The Ninth Circuit has explained the rationale behind requiring challenges to subjective employment decisions to proceed under a disparate treatment analysis:

Presumably, therefore, the disparate impact model was created to challenge those specific, facially-neutral practices that result in a discriminatory impact and that by their nature make intentional discrimination difficult or impossible to prove. Were the facial-neutrality threshold to disappear or be ignored, the distinction between disparate impact and disparate treatment would diminish and intent would become a largely discarded element. Rather than becoming an irrelevant factor as envisioned, race (or sex, etc.) could then become an overriding factor in employment decisions. Employers with work forces disproportionate to the minority representation in the labor force could then face the choice of either hiring by quota or defending their selection procedures against Title VII attack. We do not find such a result has been mandated by Congress or through Supreme Court interpretation of Title VII. Therefore, practices and policies such as a lack of well-defined criteria, subjective decision making, hiring from different sources or channels, word-of-mouth recruitment, and segregated housing and messing, which are not facially neutral, lend themselves far better to scrutiny for intentional discrimination.

Atonio v. Wards Cove Packing Co., 768 F.2d 1120, 1133 (9th Cir. 1985).

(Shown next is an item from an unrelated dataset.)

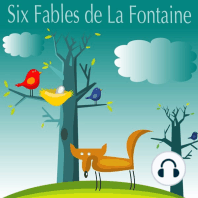 Six Fables de La Fontaine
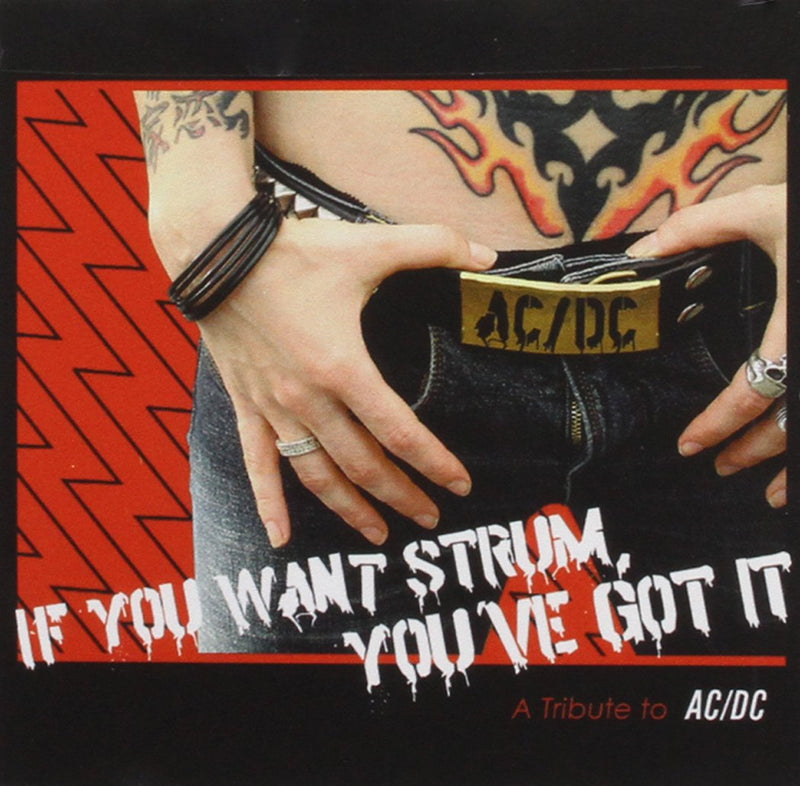 If You Want Strum Youve Got It: Tribute Ac/Dc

Heagney v. University of Washington, 642 F.2d 1157 (9th Cir. 1981), is especially instructive. In Heagney the plaintiff alleged that the University's practice of categorizing certain employees as "exempt" was a neutral employment practice that had a disproportionate impact upon the salaries of female employees. The court reasoned that the creation of jobs that are exempt from a state personnel law "cannot be equated with such well-defined objective employment practices as personnel tests or minimal physical requirements." Heagney, 642 F.2d at 1163. The court held that impact analysis was inappropriate because the plaintiff's real argument was "that the lack of well-defined employment criteria allowed a pattern or practice of discrimination to exist." Id. The case before us is similar. A dual classification system at a University does not involve well-defined, objective employment criteria. Plaintiffs are really arguing that the dual classification system allows a pattern or practice of discrimination to exist by permitting the defendant to deliberately classify women as temporary and men as regular.

Even if we held that the plaintiffs have alleged an adequate disparate impact claim, the defendants probably have shown that the dual classification system serves an important business purpose. See supra at 1285. The district court noted that "ISU attempts to use temporary faculty positions the way a university with a more developed graduate program would use graduate assistants. In this way the University attempts to maintain adequate staffing without having a department become 100% tenured. . . . When the tenure track level is kept below 100%, it allows the University to adjust for changes and [sic] enrollment." Dist.Ct. Order at 14. Plaintiffs have not shown that recourse to the use of temporary positions is a mere pretext for discrimination.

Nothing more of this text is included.